Attribution: Віщун, CC BY-SA 4.0, via Wikimedia Commons
By Bill Stokes
Kickass, the doorstop dog, hopes, along with the keeper and Phyllis that the New Jersey drone mystery is soon put to rest in the manner of the mysterious cow killings and mutilations of the 1970’s.
Some fifty years ago, long before drones, unexplained cattle deaths were suddenly seen as a national threat and when the reports were subsequently related to flying saucers, the populace was off and running.
The fact that some of the dead cattle showed indications of physical disturbance of their faces and rear areas threw sexual perversion on the dead cow bandwagon and it took on even greater dimensions.

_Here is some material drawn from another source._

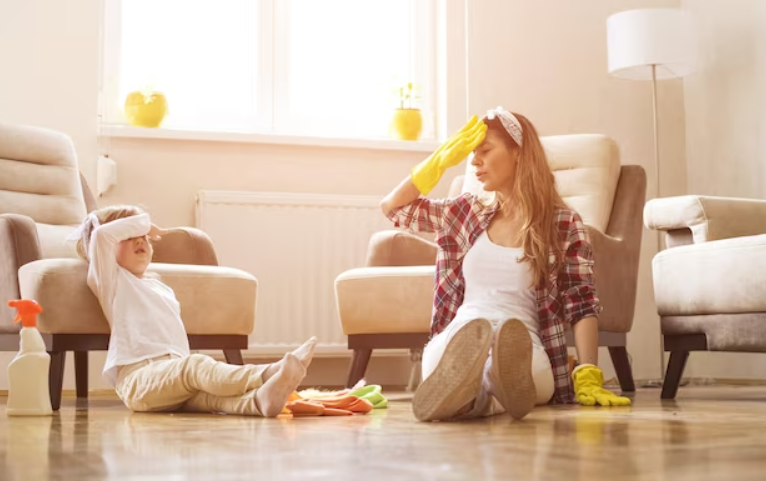 Mother and a daughter feeling exhausted after cleaning home together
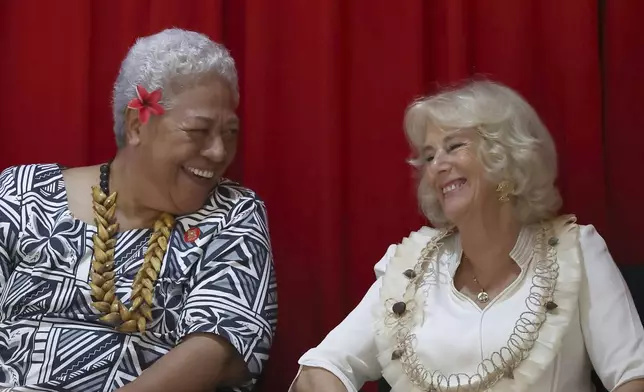 Britain's Queen Camilla, right, talks with Samoa's Prime Minister Fiame Naomi Mata’afa during the Commonwealth Heads of Government Meeting (CHOGM) Women's Forum side-event in Apia, Samoa Thursday, Oct. 24, 2024. (Manaui Faulalo/Pool Photo via AP)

As a reporter for the Milwaukee Journal at the time, the keeper remembers accompanying a farmer out to a Grant County alfalfa/clover field to view three dead cows that, the farmer said, had been perfectly healthy the day before.
As a former farm boy, the keeper knew that if cattle are left too long in a too-rich grazing area they can die from ruptured bloated guts, but he didn’t mention that as the farmer pointed to the damaged cows’ rear areas.
The keeper also knew that the earliest scavengers to dead animals are small and must use natural carcass openings to start the scrounger feast. The keeper didn’t mention that either.
He did however mention in his subsequent Journal report that the farmer said he saw what he thought was a helicopter the night before but he couldn’t be sure as to identity. It could have been a flying saucer.
The immediate problem for the farmer was to get a veterinarian to certify that his three cows had died of mysterious causes so he could collect insurance on them.
The keeper hopes he succeeded and advises calm in the case of the New Jersey drones.